◆ Exercise details
Scan the records for the string "image"; copy each line where it occurs.
----
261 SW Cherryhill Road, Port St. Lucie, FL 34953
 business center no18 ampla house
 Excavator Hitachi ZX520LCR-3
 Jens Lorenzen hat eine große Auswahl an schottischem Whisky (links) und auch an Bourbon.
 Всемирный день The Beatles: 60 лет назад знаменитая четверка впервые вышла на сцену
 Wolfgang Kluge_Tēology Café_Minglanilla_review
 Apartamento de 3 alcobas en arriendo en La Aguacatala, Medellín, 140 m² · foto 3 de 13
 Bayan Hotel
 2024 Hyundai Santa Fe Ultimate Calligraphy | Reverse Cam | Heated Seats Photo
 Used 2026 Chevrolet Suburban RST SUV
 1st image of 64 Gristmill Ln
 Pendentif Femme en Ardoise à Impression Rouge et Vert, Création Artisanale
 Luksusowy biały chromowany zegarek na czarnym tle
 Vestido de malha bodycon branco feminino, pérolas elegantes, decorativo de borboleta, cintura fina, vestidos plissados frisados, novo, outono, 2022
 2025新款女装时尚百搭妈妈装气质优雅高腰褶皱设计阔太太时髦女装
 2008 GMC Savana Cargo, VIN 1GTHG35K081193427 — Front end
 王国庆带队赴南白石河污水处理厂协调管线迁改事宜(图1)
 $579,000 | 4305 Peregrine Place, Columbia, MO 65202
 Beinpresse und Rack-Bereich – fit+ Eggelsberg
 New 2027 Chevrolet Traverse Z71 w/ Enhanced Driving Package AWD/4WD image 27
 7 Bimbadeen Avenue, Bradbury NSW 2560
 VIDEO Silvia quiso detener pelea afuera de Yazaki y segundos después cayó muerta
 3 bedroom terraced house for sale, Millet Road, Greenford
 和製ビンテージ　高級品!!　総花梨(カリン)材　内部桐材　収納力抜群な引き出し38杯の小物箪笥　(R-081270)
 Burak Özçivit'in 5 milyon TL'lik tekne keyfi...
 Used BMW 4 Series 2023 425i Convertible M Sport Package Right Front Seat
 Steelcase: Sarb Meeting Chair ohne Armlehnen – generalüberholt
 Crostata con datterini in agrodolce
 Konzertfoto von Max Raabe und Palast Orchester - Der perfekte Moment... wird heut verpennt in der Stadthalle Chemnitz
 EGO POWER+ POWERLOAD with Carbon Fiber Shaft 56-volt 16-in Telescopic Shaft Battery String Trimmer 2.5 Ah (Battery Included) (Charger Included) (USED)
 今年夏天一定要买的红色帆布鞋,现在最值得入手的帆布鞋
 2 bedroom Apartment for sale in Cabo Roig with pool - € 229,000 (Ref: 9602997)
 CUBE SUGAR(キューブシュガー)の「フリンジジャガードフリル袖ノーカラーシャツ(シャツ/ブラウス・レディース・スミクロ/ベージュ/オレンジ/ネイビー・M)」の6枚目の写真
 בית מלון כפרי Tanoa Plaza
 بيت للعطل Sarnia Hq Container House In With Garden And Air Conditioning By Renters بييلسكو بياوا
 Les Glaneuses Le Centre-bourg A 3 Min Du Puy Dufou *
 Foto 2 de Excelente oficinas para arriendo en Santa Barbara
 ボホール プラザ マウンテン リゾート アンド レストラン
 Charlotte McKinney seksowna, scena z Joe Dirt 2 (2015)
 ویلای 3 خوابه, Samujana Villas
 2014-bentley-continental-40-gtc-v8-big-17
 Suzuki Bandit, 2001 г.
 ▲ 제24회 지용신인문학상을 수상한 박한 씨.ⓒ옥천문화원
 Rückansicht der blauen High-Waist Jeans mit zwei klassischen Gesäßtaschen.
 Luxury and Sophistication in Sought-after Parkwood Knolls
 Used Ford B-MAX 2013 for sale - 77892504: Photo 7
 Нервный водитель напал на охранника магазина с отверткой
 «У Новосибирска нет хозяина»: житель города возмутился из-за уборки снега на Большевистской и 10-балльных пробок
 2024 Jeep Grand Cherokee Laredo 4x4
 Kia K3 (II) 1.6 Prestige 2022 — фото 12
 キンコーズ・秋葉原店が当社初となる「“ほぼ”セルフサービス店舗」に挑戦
----
◆ Answer box
 1st image of 64 Gristmill Ln
 New 2027 Chevrolet Traverse Z71 w/ Enhanced Driving Package AWD/4WD image 27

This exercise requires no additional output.